With this new node type, this is a possible implementation of appendLeaf:
def appendLeaf[T](xs: Conc[T], y: T): Conc[T] = Append(xs, new Single(y))
This operation has an execution time of O(1). Unfortunately, this leads to imbalanced trees. Can we still achieve an O(log n) running time for the concatenation? In other words, when concatenating, can we eliminate the Append nodes in O(log n) time? This is NOT possible. This implementation breaks the O(log n) bound on concatenation.
In the next implementation we will make sure that if the total number of elements in the tree is n, there are not more than (log n) Append nodes in the data structure.

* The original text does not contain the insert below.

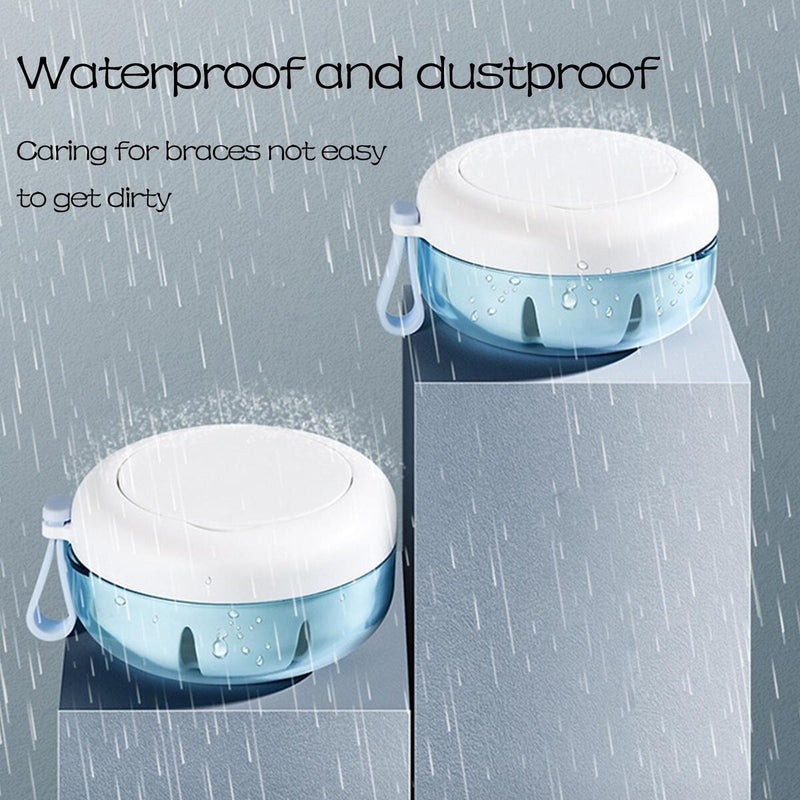 Orthodontic Retainer Braces Storage Box Soaking Invisible Teeth Denture Clean/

In order to understand how to achieve this, let's take the example of counting in the binary number system. When counting in the binary system, when a number doubles (logarithmic growth of the value), the number of digits grows by 1 (linear growth of the number of digits): 4 = 100, 8 = 1000, 16 = 10000.

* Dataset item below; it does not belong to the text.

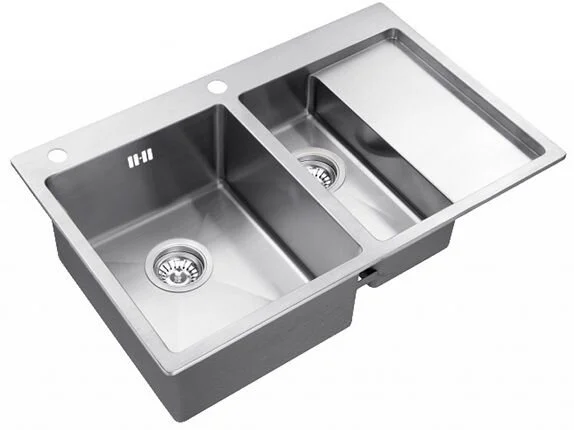 Кухонная мойка Zorg Inox RX RX 5178-2-L серый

We can use this observation in building an algorithm for adding Append nodes:
def appendLeaf[T](xs: Conc[T], ys: Single[T]): Conc[T] = xs match {
case Empty => ys
case Single[T] => new <>(xs, ys)
case _ <> _ => new Append(xs, ys)
case xs: Append[T] => append(xs, ys)
}
@tailrec
private def append[T](xs: Append[T], ys: Conc[T]): Conc[T] = {
if (xs.right.level > ys.level) new Append(xs, ys)
else {
val zs = new <>(xs.right, ys)
xs.left match {
case ws @ Append(_, _) => append(ws, zs)
case ws if (ws.level <= zs.level) => ws <> zs
case ws => new Append(ws, zs)
}
}
}
Let's use the conc-tree defined before to implement a Combiner. We will call this implementation a ConcBuffer. The ConcBuffer appends elements into an array of size k. When the array gets full, it is stored in a Chunk node and added into the conc-tree.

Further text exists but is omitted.